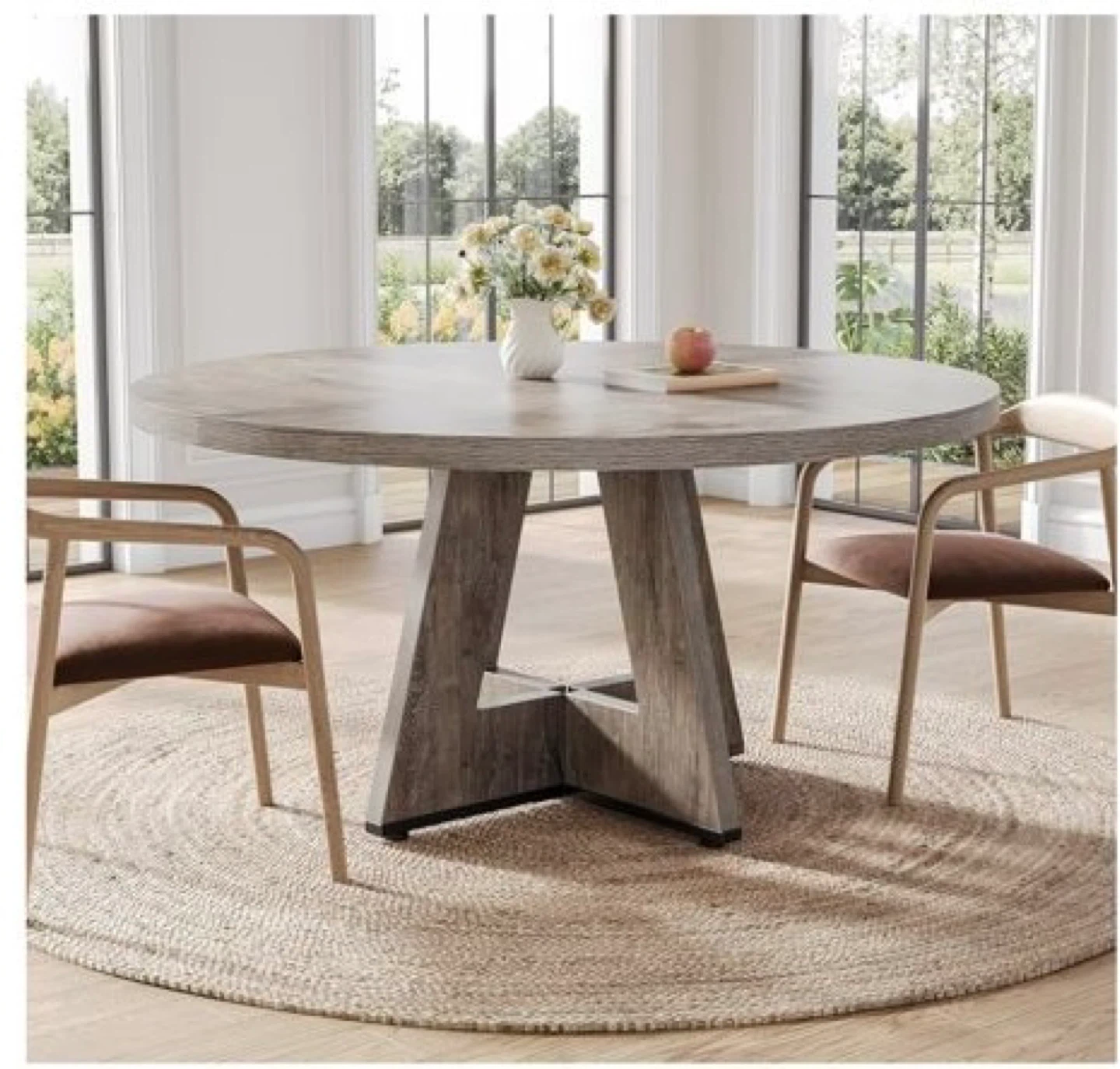 Round Dining Table - Wood Finish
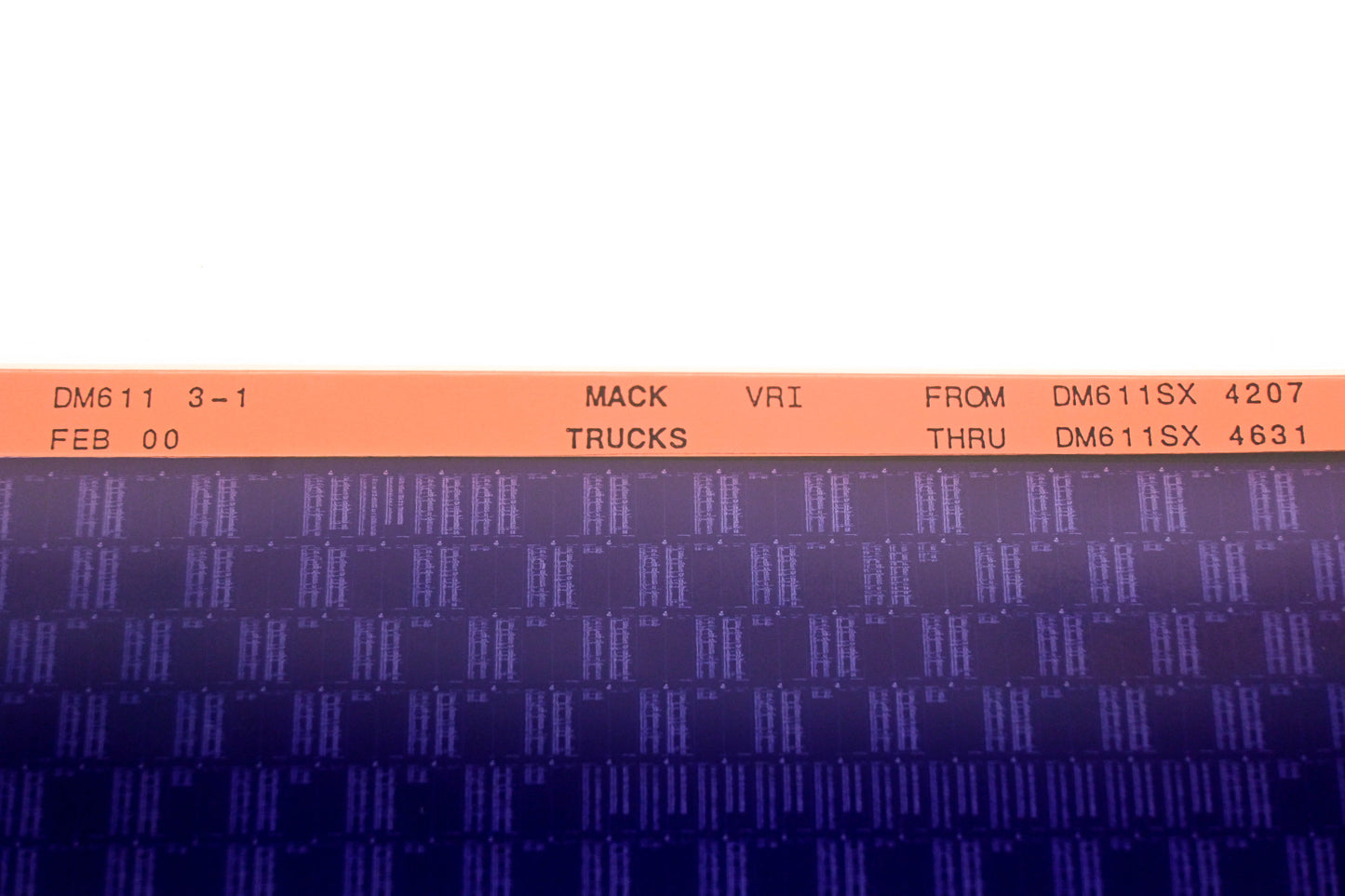 Mack DM611 3-1 DM611SX4207 - DM611SX4631 VRI Microfiche NOS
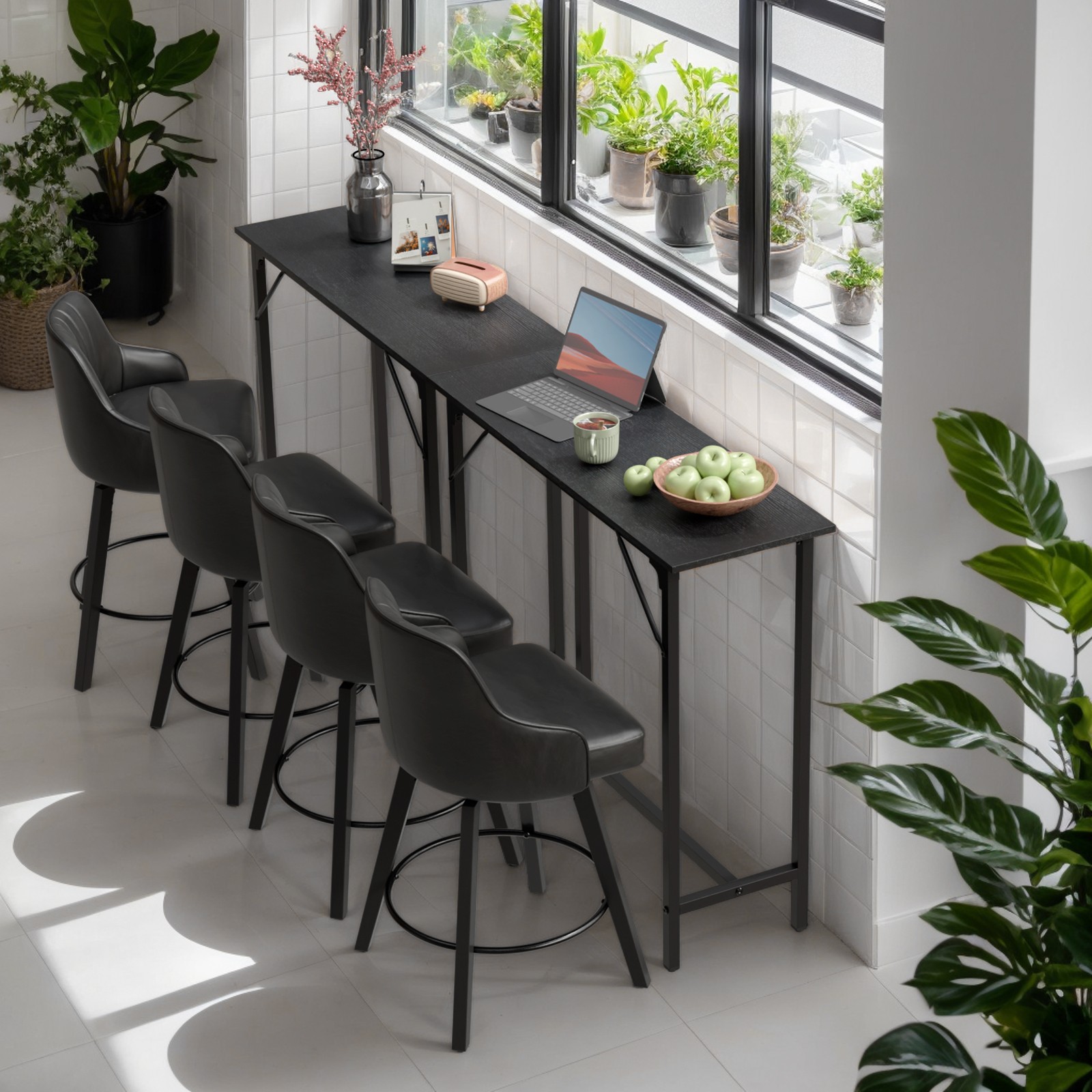 Durable MDF Top & Metal Frame, Ideal for Kitchen/Bar Counte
■ ■ ■ ■ ■
# Problem to work on
Give the data again exactly as it appears, but without any images.

# Output
 Round Dining Table - Wood Finish
 Mack DM611 3-1 DM611SX4207 - DM611SX4631 VRI Microfiche NOS
 Durable MDF Top & Metal Frame, Ideal for Kitchen/Bar Counte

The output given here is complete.